-- Requirement --
Write every line of the material again exactly, with no pictures in the copy.

-- Data excerpt --
*** Begin section ***

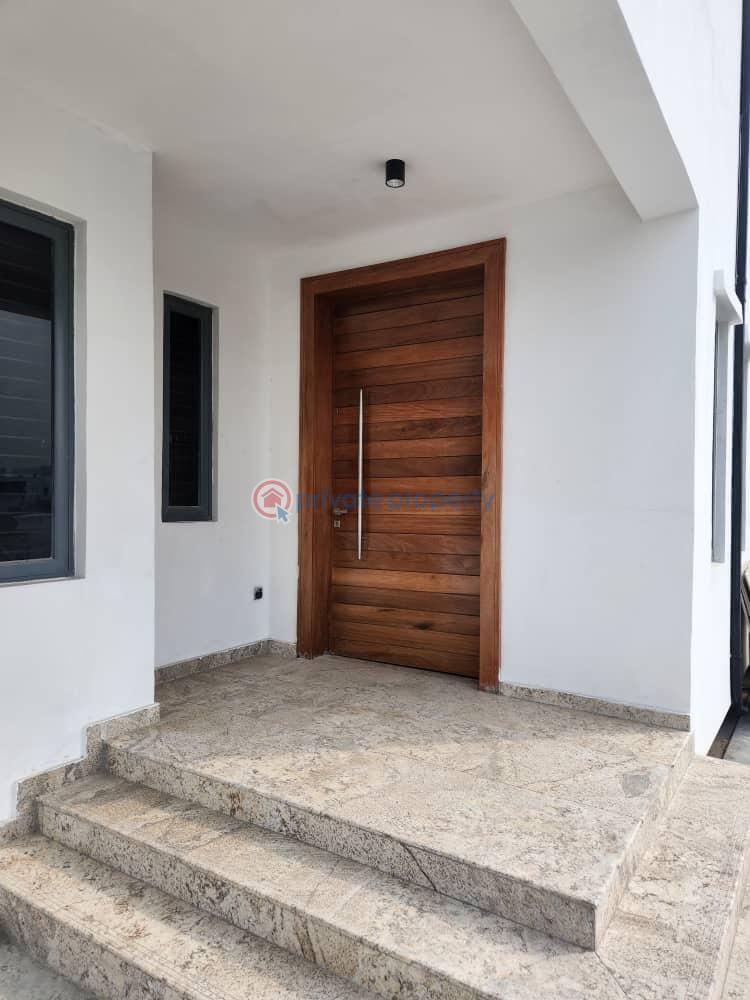 Stunning 4 bedroom detached house with ample parking ( 8 cars) - 9 4 bedroom Detached Duplex For Sale Royal Gardens Estate Lekki Expressway Lagos - 9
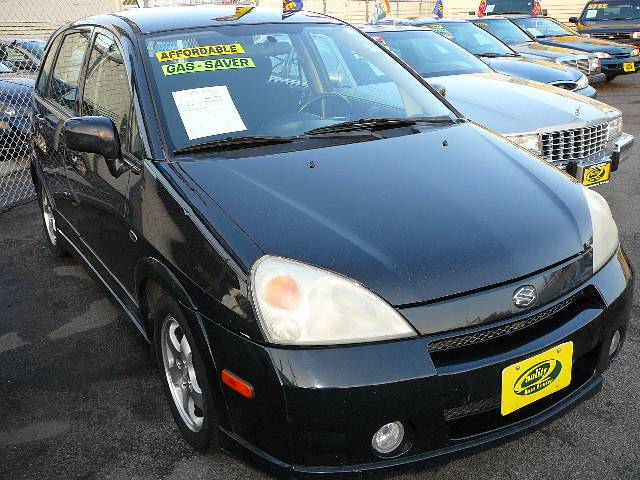 Suzuki Aerio AWD, REAR DVD, Navigation, 3RD ROW, Mem/heat Seats Hatchback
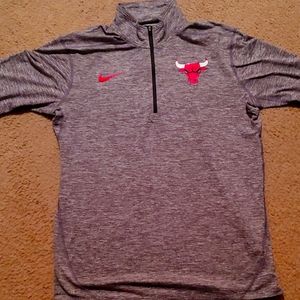 Nike size M Chicago Bulls dry fit long sleeves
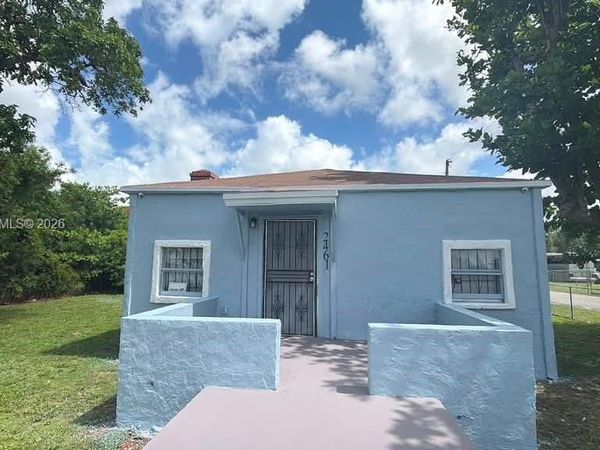 2461 NW 61st St , Unit 2461, Miami, FL 33142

*** End section ***

-- Answer section --
 Stunning 4 bedroom detached house with ample parking ( 8 cars) - 9 4 bedroom Detached Duplex For Sale Royal Gardens Estate Lekki Expressway Lagos - 9
 Suzuki Aerio AWD, REAR DVD, Navigation, 3RD ROW, Mem/heat Seats Hatchback
 Nike size M Chicago Bulls dry fit long sleeves
 2461 NW 61st St , Unit 2461, Miami, FL 33142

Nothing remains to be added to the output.